> _What you need to do_
The entries below contain pictures, which are to be left out; write out exactly, and only, the lines from the line with "Milano Aruba Anthracite" up to and including the line with "Halloween Hanging Ghost".

> _Dataset excerpts_
<<<<

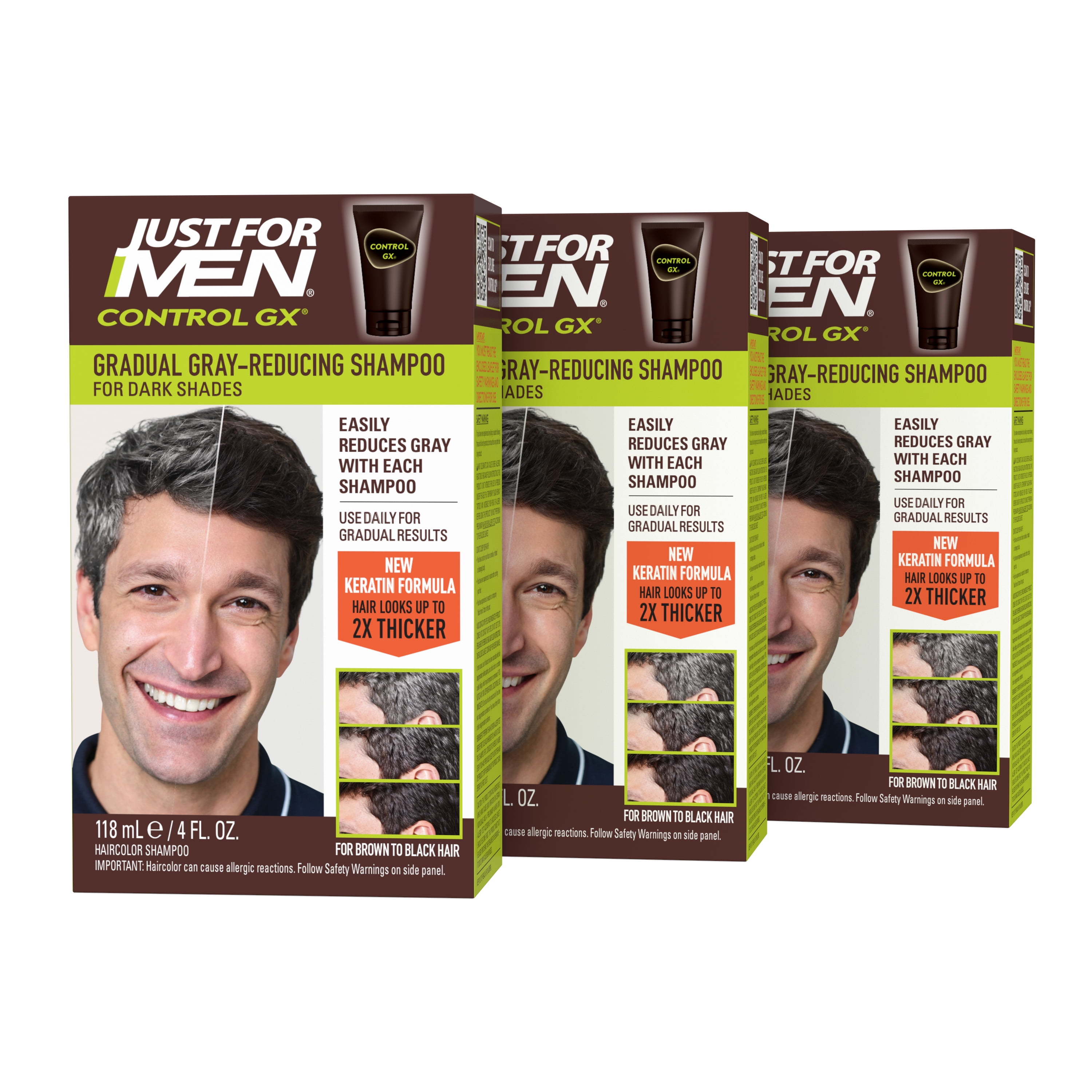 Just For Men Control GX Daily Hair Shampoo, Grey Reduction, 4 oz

>>>>
<<<<

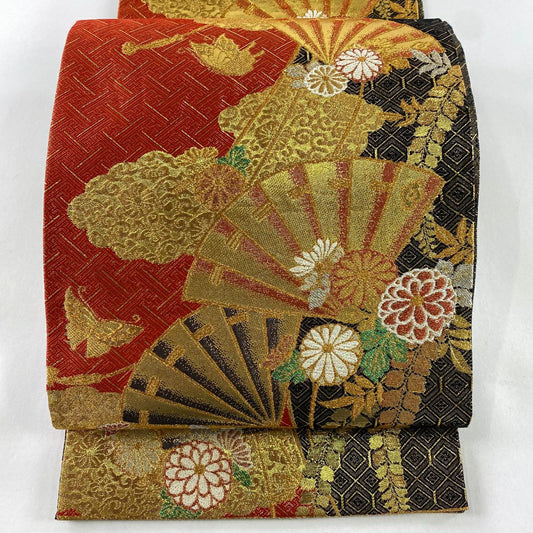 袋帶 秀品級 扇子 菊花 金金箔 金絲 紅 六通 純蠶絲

>>>>
<<<<

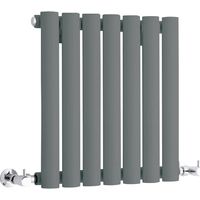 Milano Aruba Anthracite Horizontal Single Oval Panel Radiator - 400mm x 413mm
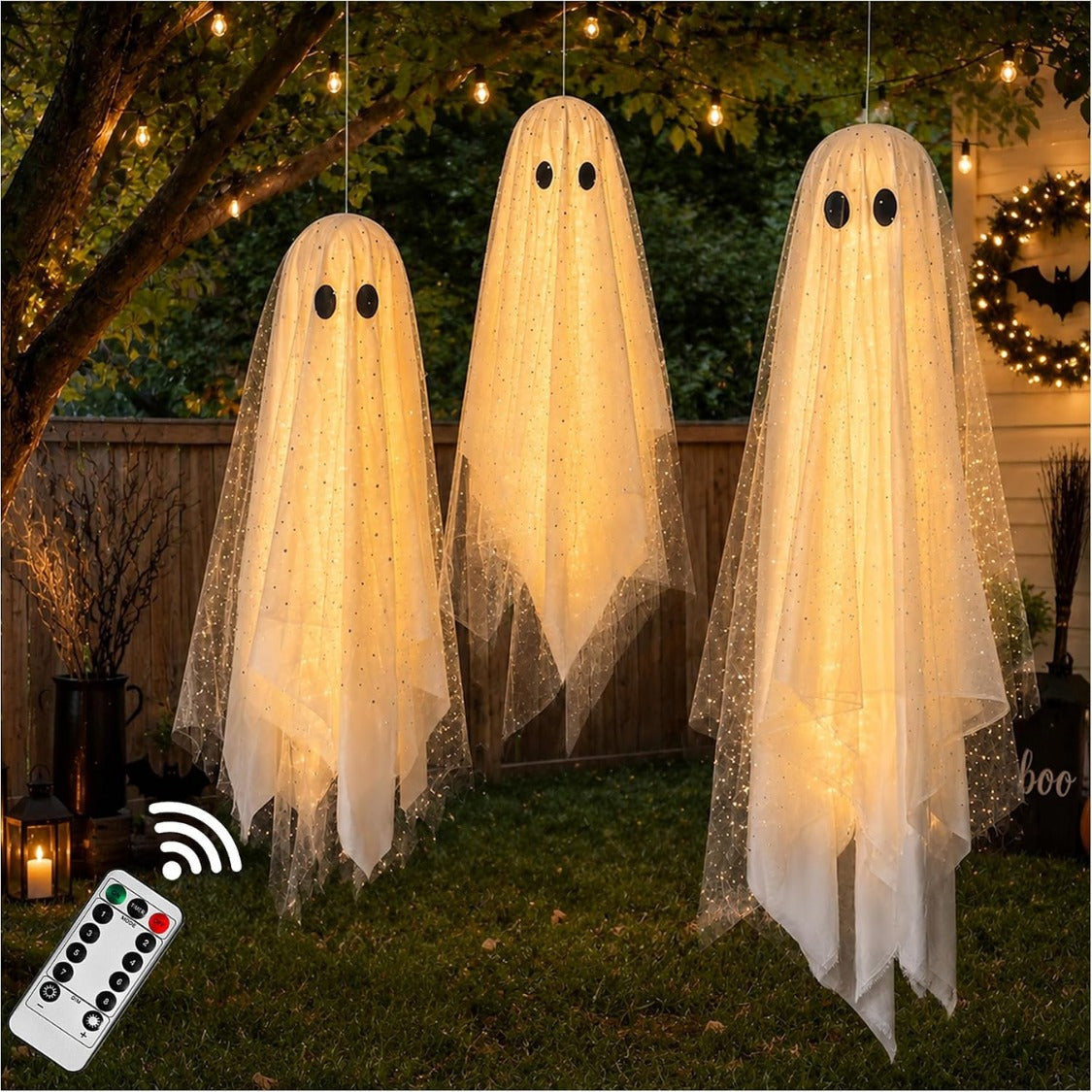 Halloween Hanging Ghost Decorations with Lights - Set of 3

>>>>

> _Solution_
 Milano Aruba Anthracite Horizontal Single Oval Panel Radiator - 400mm x 413mm
 Halloween Hanging Ghost Decorations with Lights - Set of 3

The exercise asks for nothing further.